Excitation Current vs Side Lobe Level
imgur: the simple image sharer
Thanks for your help.
Edit: I probably should have stated that for the purpose of this project, we are only concerning ourselves with the first side lobe.
Edit2: We are also only concerned with magnitudes not phase.
Plot both your side lobe level and excitation current in log-scale (i.e. dB's vs. dB's). Since you have a simple, linear system (current produces an E-field), I'd expect a linear relationship between the input current and the output power. I think you're close.
Remember, the power from the antenna is in watts, so that's 10*log10(power in watts), but current is amps, so you'll need to take 20*log10(current in amps) to be consistent.
Also, most stuff in the radio/RF world is done in dBm (decibels referenced to 1 milliwatt), so use SLL (dBm) = 10*log10(Pout)+30.
Hi ECE12,
please clarify what is I0 current.
Regards
Z
Okay I'll give that a shot. Thanks for the heads up.

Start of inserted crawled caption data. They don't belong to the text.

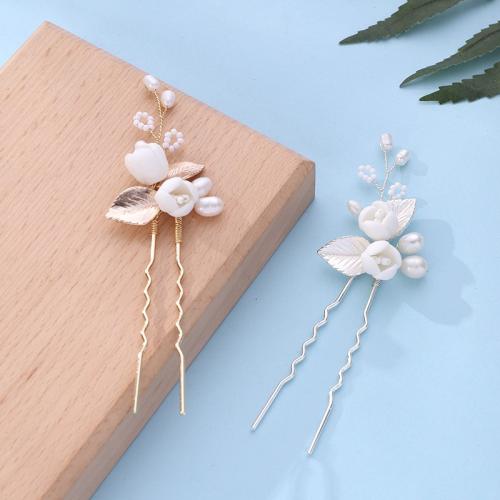 Haarpinnen bruid, Zinc Alloy, met Seedbead & koperdraad & Polymer Clay & Plastic Pearl, handgemaakt, mode sieraden & voor vrouw, meer kleuren voor de keuze, Verkocht door PC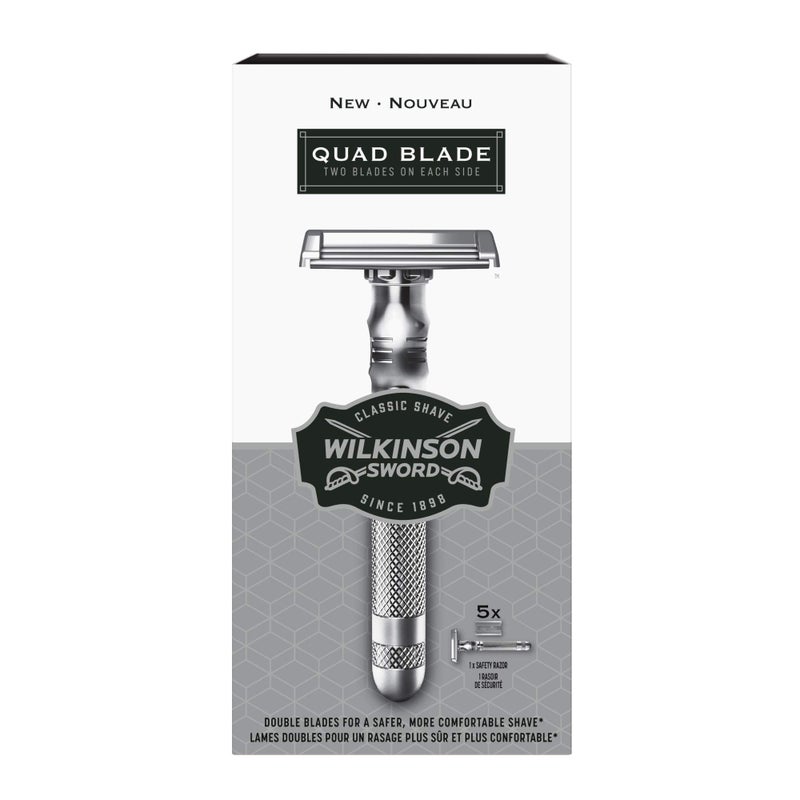 Wilkinson Sword Quad Blade Razor for Men With 5 Quad Blade Razor Refills - Image 1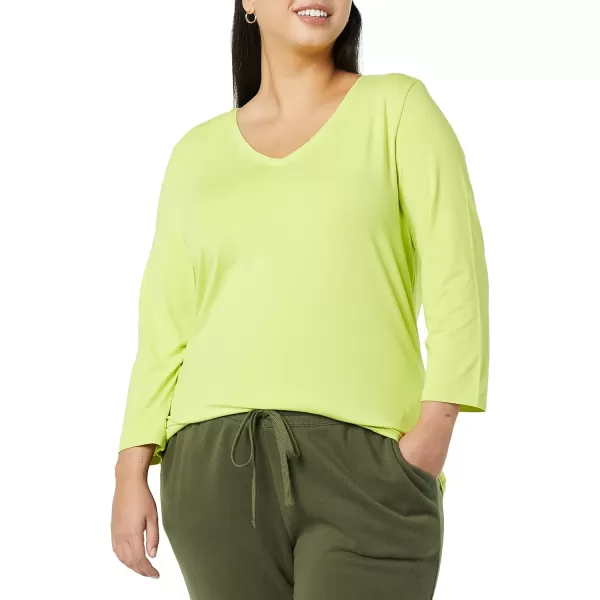 Amazon Essentials Womens ClassicFit 34 Sleeve VNeck TShirt Available in Plus Size Multipacks1 Lime Green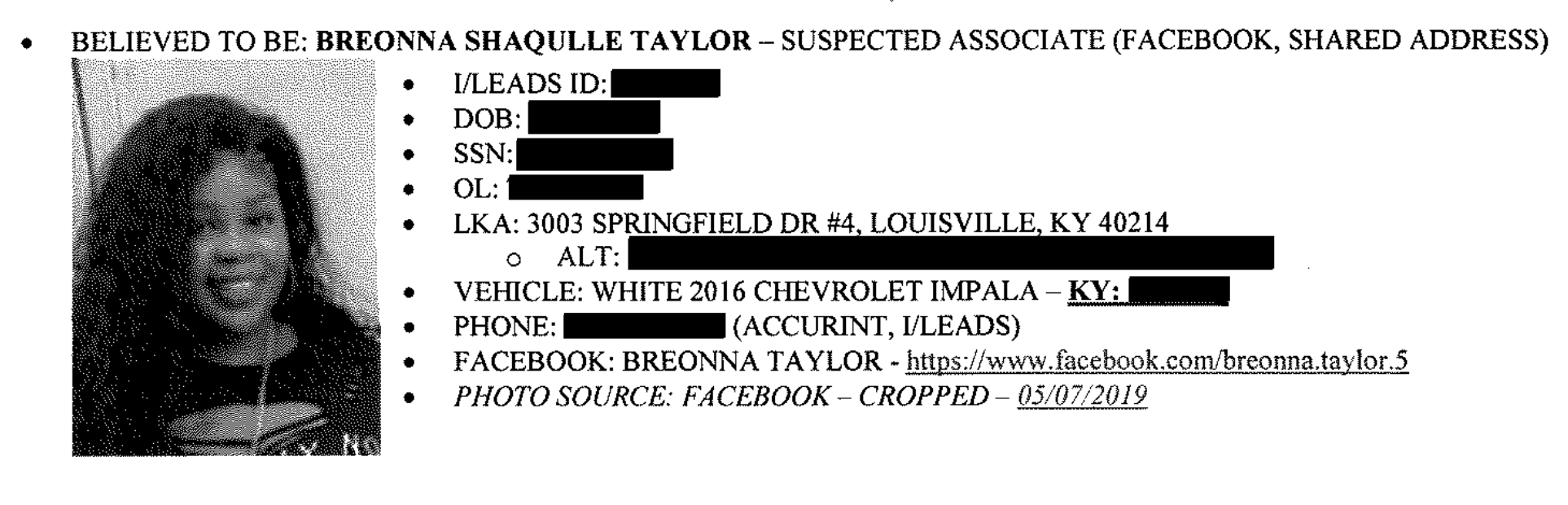 An intelligence file on Breonna Taylor's boyfriend Kenneth Walker, which was provided to LMPD Detectives before the raid on her home, listed Taylor as one of Walker's associates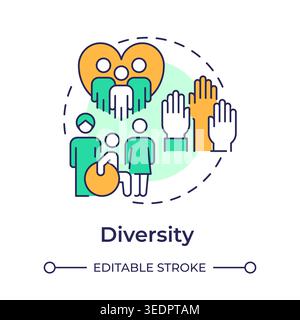 Diversity multi color concept icon Stock Vector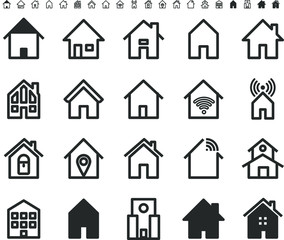Set of home perfect outline icon vector illustrator. Size 128x128 px., 640x640 px.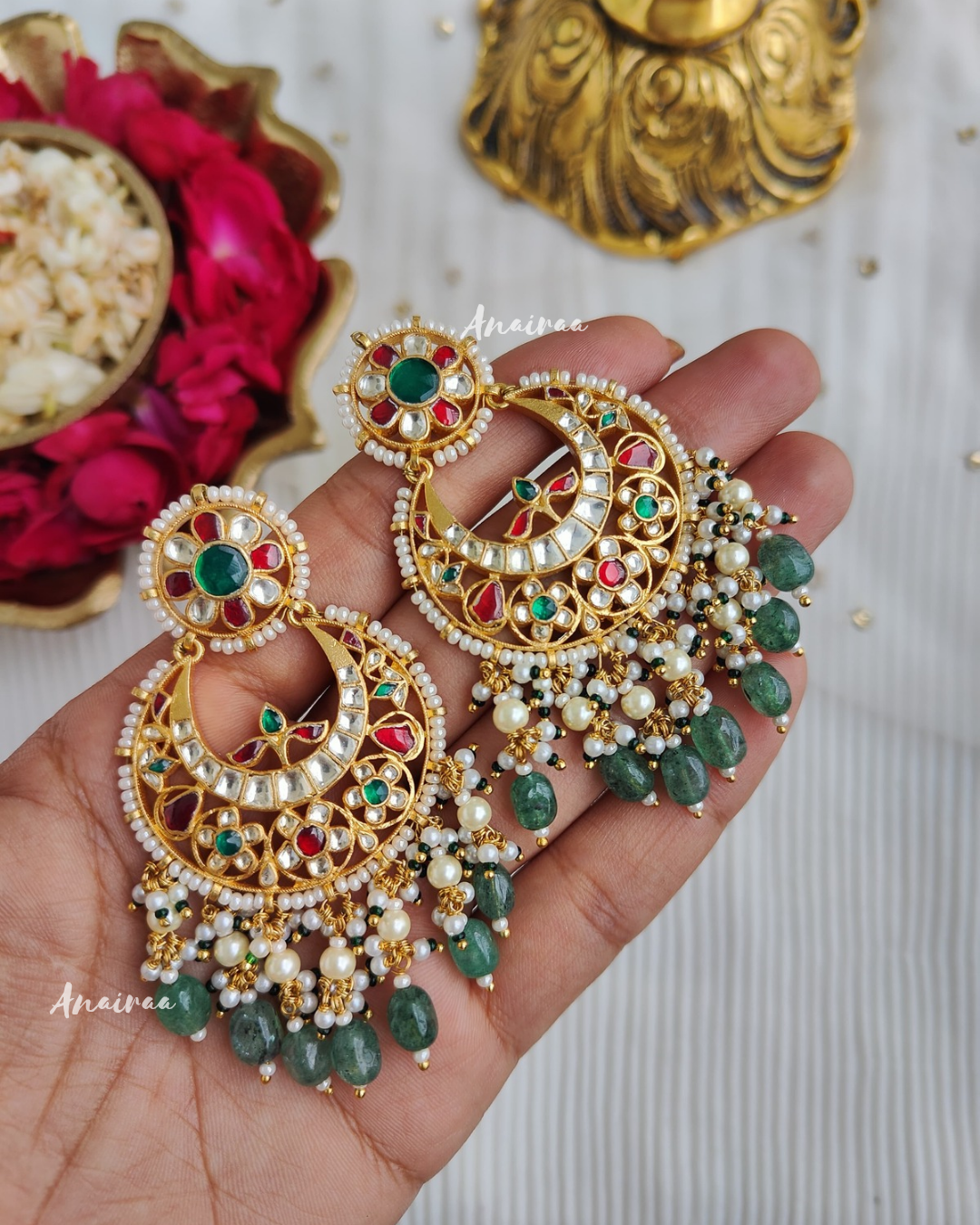 Paachi kundan earrings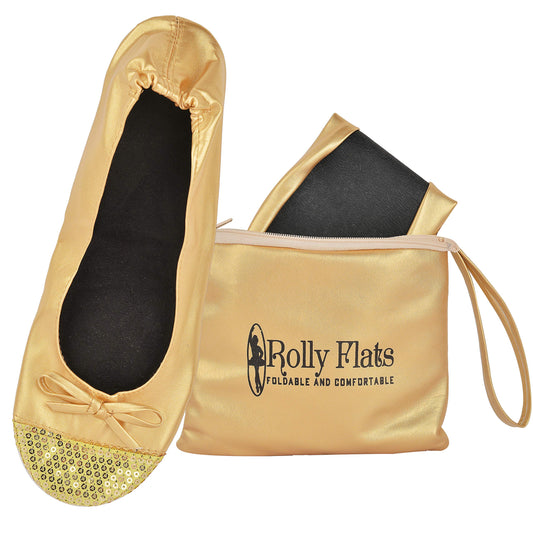 Rolly Flats-Women's Foldable Ballet Flats, Travel & Wedding Shoes, Fit in Your Purse-Gold Sequin Tip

But why would the sidelobe be smaller as the excitation current gets bigger? I don't really understand that concept. I thought a larger excitation current would cause a larger E&M field, and thus cause a larger side lobe. Maybe I'm not thinking about it correctly. My program is generating the correct output for the test case my professor provided, but I am wanting to make sure it is accurate for various SLL and # of elements because the program is having to do some pretty serious (what I consider serious) number crunching. Thanks for the response...

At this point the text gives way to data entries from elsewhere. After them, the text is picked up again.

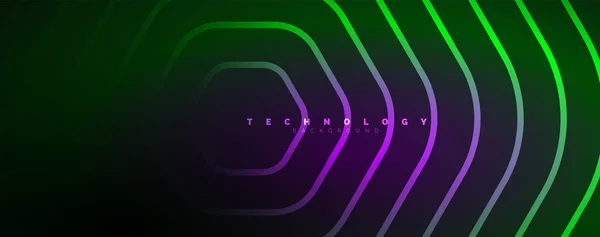 Neon Glanzende Zeshoeken Abstracte Achtergrond Technologie Energie Ruimte Licht Concept — Stockvector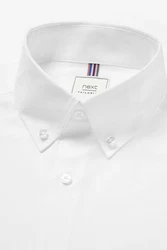 Next Businesshemd Slim Fit Button-down-Oxfordhemd Weiß/Dunkelblau/Creme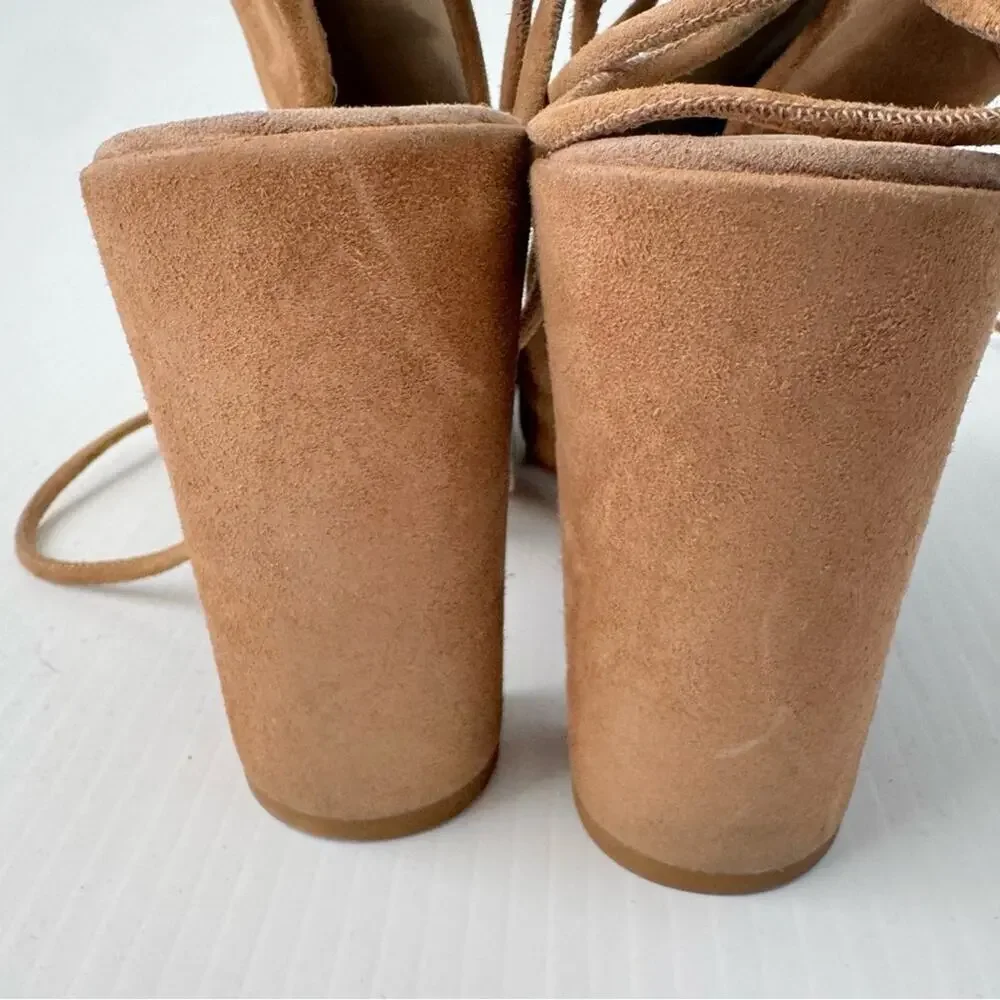Kenneth Cole New York Delila lace up block heeled peep toe suede tan size 7.5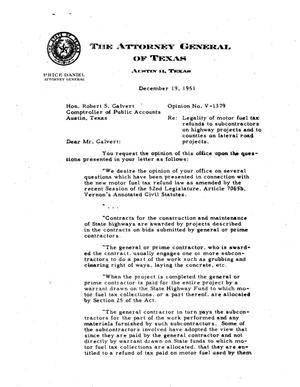 Texas Attorney General Opinion: V-1379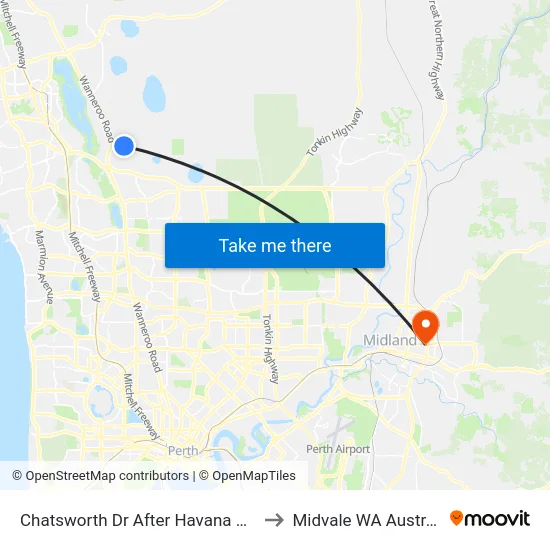 Chatsworth Dr After Havana Vista to Midvale WA Australia map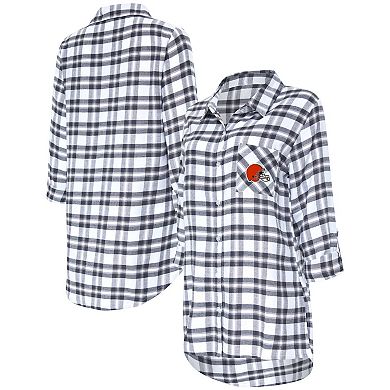 Women's Concepts Sport Charcoal Cleveland Browns Sienna Plaid Full-Button Long Sleeve Nightshirt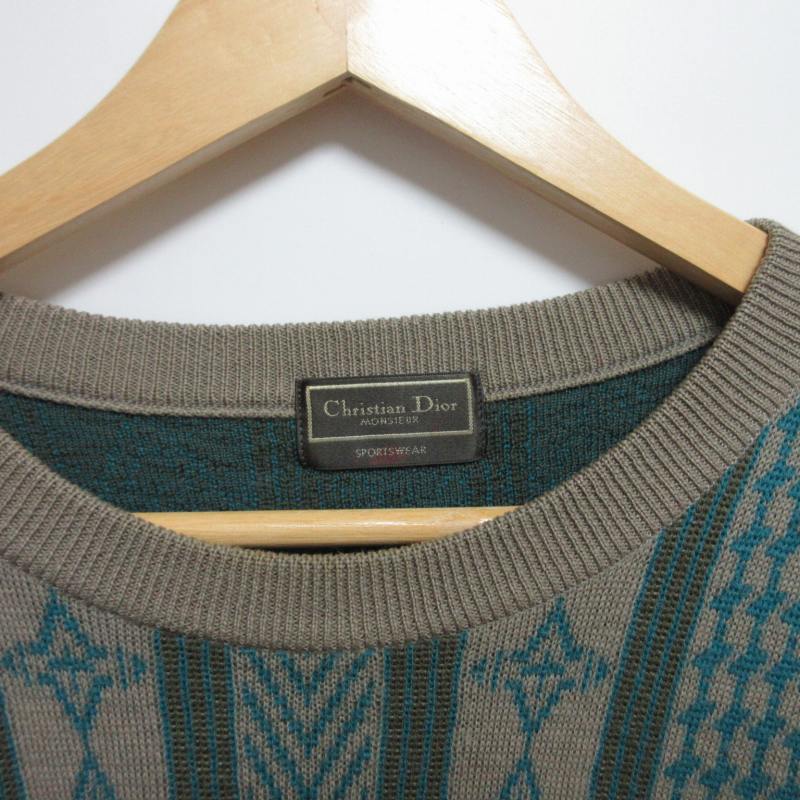 90s クリスチャンディオール ウールニット イタリア製 ペールグリーン Christian Dior - 90s クリスチャンディオール ウールニット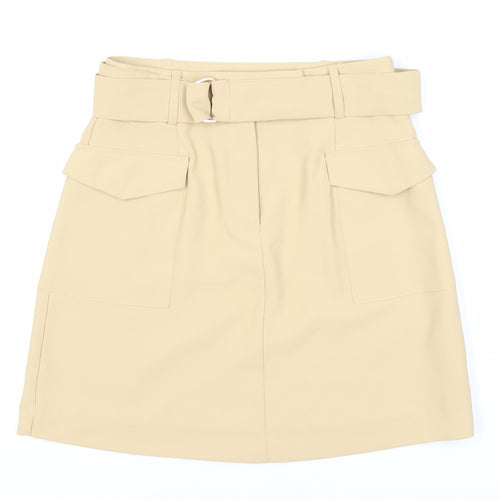 Lipsy London Women's Beige Pocket Skirt - Size 6, Buckle Accent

I0 would be the central array element. So for a 7 element array system, I would have I3-I2-I1-I0-I1-I2-I3.
I believe I0 will always be the largest current, because I'm using the cheybshev polynomial the excitations of the other array elements are symmetric to I0. When you find I0 - I3 you setup a ratio: I0:I1:I2:I3, and this ratio can then be used to determine the excitation of the antenna array for a given I0 excitation. That is how I understand it anyway. I emailed my professor a couple of questions about it, because I don't know if I0 will always be the largest excitation, but I haven't heard back from him...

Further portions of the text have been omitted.